ZOJ 3826 Hierarchical Notation(2014 牡丹江 B,树的直径+二分)

Building Fire Stations

Time Limit: 5 Seconds      Memory Limit: 131072 KB      Special Judge

Marjar University is a beautiful and peaceful place. There are N buildings andN - 1 bidirectional roads in the campus. These buildings are connected by roads in such a way that there is exactly one path between any two buildings. By coincidence, the length of each road is 1 unit.

To ensure the campus security, Edward, the headmaster of Marjar University, plans to setup two fire stations in two different buildings so that firefighters are able to arrive at the scene of the fire as soon as possible whenever fires occur. That means the longest distance between a building and its nearest fire station should be as short as possible.

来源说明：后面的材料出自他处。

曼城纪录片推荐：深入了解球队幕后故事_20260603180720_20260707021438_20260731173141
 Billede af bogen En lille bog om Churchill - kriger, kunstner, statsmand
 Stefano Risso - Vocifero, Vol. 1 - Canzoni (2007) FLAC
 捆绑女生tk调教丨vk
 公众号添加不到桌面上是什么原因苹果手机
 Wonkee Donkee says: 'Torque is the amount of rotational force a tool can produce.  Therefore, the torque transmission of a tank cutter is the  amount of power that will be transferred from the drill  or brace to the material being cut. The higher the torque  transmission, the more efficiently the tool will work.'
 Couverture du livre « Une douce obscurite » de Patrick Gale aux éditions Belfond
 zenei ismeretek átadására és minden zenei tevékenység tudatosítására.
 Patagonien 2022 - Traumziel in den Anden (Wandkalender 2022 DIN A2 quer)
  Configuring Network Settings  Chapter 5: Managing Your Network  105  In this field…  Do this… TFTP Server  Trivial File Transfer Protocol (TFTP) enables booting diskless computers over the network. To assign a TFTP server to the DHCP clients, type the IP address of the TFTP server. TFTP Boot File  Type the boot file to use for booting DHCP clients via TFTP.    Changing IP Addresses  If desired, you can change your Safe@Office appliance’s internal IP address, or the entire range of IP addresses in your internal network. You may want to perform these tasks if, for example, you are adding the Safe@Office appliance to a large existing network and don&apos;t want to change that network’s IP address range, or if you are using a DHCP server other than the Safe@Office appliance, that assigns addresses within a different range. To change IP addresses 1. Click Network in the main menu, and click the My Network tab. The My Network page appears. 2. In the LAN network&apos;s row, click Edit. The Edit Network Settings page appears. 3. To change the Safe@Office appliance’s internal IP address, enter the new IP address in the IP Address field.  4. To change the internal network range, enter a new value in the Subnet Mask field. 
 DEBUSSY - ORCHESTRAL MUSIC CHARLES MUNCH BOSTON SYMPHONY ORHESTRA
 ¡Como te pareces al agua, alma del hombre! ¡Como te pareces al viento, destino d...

As a clever and diligent student in Marjar University, you are asked to write a program to complete the plan. Please find out two proper buildings to setup the fire stations.

Input

There are multiple test cases. The first line of input contains an integer T indicating the number of test cases. For each test case:

The first line contains an integer N (2 <= N <= 200000).

For the next N - 1 lines, each line contains two integers Xi andYi. That means there is a road connecting building Xi and buildingYi (indexes are 1-based).

Output

For each test case, output three integers. The first one is the minimal longest distance between a building and its nearest fire station. The next two integers are the indexes of the two buildings selected to build the fire stations.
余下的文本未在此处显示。